Given time, it was a question that would help a handful of American artists to the breakthroughs that produced Abstract Expressionism, the triumphs of Gorky, Willem de Kooning, Jackson Pollock and so on. Picasso would not be the only model they looked to. In their late-night arguments, the work of every painter from Uccello to Kandinsky was brought in for questioning and combed through for motifs and ideas, for rules and for permission to break them. But Picasso was the man, the one continually bursting through the confines of art history and coming back with discoveries worth bursting the confines for. He gave freedom a good name.
Identifying the routes through which he made his way into the awareness of American artists and the uses they made of him is the nicely executed purpose of "Picasso and American Art," a new exhibition at the Whitney Museum of American Art in New York that continues there through Jan. 28 before moving on to San Francisco and Minneapolis, Minn. It's a show, by the way, that might just as well be called "Big Daddy." For artists seeking a way forward, Picasso was the classic Oedipal father, the man who had to be dealt with, digested and finally overthrown.
But first they had to learn that he existed at all. That turns out to be a story that begins with the painter Max Weber, a Russian Jewish émigré to New York City.
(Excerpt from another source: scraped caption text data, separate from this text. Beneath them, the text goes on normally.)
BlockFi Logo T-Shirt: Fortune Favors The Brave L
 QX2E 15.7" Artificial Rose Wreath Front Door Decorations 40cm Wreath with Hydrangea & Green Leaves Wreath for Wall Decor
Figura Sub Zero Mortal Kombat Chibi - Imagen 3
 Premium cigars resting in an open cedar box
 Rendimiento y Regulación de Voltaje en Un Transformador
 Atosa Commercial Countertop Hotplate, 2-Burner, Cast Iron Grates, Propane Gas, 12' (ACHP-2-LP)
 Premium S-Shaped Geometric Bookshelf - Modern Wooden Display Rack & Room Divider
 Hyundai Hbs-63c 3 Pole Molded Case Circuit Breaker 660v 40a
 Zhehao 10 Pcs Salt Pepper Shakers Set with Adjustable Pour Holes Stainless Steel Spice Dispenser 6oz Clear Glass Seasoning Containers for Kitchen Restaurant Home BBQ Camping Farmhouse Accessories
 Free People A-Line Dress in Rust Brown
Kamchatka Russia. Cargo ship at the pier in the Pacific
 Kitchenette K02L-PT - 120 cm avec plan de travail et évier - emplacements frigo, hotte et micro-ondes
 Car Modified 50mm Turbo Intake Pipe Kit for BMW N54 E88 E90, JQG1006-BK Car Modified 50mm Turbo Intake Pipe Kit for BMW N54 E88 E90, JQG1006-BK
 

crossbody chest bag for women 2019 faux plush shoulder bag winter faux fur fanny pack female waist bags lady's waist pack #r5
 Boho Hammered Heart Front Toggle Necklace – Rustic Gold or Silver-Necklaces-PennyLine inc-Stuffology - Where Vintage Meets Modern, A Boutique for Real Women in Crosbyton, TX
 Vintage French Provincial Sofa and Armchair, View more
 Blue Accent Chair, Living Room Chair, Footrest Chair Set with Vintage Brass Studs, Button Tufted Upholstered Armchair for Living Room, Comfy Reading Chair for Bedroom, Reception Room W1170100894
It was Weber who brought the first Picasso canvas to the U.S., in 1909, on his return from a four-year stay in Paris, where he had befriended the indispensable Gertrude Stein and her brother Leo, cocksure tastemakers and champions of Picasso. By that year Picasso and Braque were already off and running through the first stages of Cubism. Meanwhile, advanced American painting, such as it was, meant the Ashcan School realism of Robert Henri and John Sloan or the agreeable borrowings of Childe Hassam and Maurice Prendergast, who were still absorbing what they could from Postimpressionism. Even Cézanne had not entered much into American thinking, much less Cubism and its fierce extrapolations from Cézanne's faceted space.